Social Network Analysis from Project Management Data
This is what I'll be investigating for the next week. So far, I haven't found any closely similar projects, but the field itself is daunting. "Who should fix this bug," discussed in a previous post, was an ambitious analysis tool of bug tracking information with a smaller results scope and a better sense of what would constitute success, and they got only so-so results out of their project. Wikipedia's coverage of building social network graphs is making my head explode. It's a lot to take in, so I'll try to list issues to investigate here:
- Where can I get input data? Ideally, I'd grab the full backend database for an instantiation of a Trac variant supporting a real, somewhat long-lived and complex project. I'm told I should ask Greg Wilson and David Wolover about getting DrProject history.
- Once I have data and have processed it, what do I plan on doing with it? How would I test my results? The bug assignment team could compare predicted bugfix assignees to who actually closed the ticket, what's my metric? Would a comparison to some sort of aggregated graph of contact like from Google's social graphing results be fruitful? It's unlikely, since we're ranking social contact within a work environment, while most social networking data online is voluntary. Maybe some sort of survey set up for participants to rate their working relationships with one another? This seems like the best route, but I'd have to set it up ahead of time so as not to fall into post-hoc analysis trap.

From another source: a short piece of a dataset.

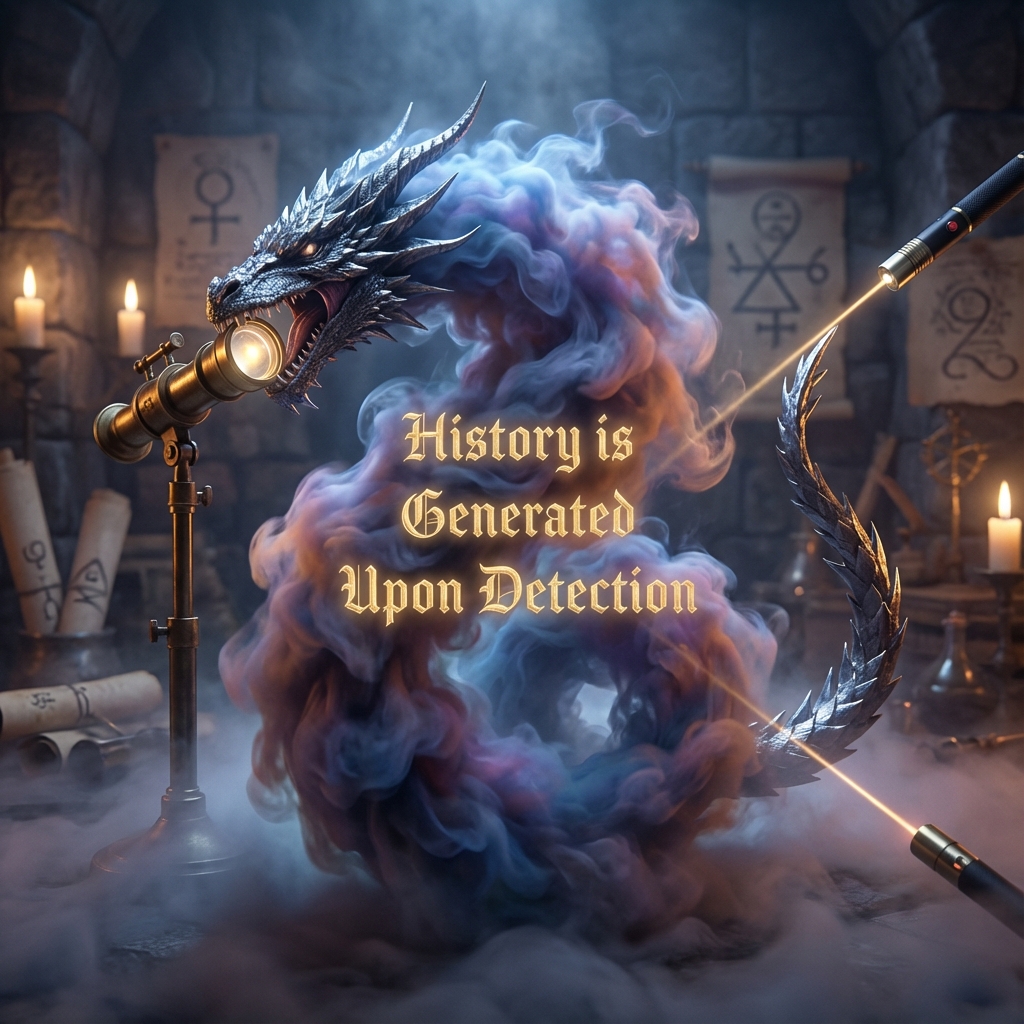 Delayed Choice: Wheeler’s Dragon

- What about the graph itself? Should connections be directionally weighted (I think that's the term) that is, if everyone contacts the intern to assign her small tasks but she usually only contacts her direct supervisor, should we keep track of the distinction or just collapse it into "has contact with many people"? Should we count mentions of each other's names in communication? Changes in assigned-to status from A to B as a link between them? Actual emails? Should some links count more than others? By how much? What sort of crazy voodoo could possibly guide my choice there? I think one thing to do would be to construct different graphs for different contact types, with the ability to overlay/combine them later. Another possibility is to take a page from how these scientists run their models and gather survey results first, then run experiments on our program to change weightings to get it to closely match the survey results.
- What sort of out-of-the-box solutions are available to me for visualizing social networks? What about for graphs like this in general?
- Should I be planning on making something that's specifically suited to their team? Or a more general tool?
- Apparently people are trying for an open standard on disambiguating social links. They're kind of cool, and could be useful for a variety of our projects here.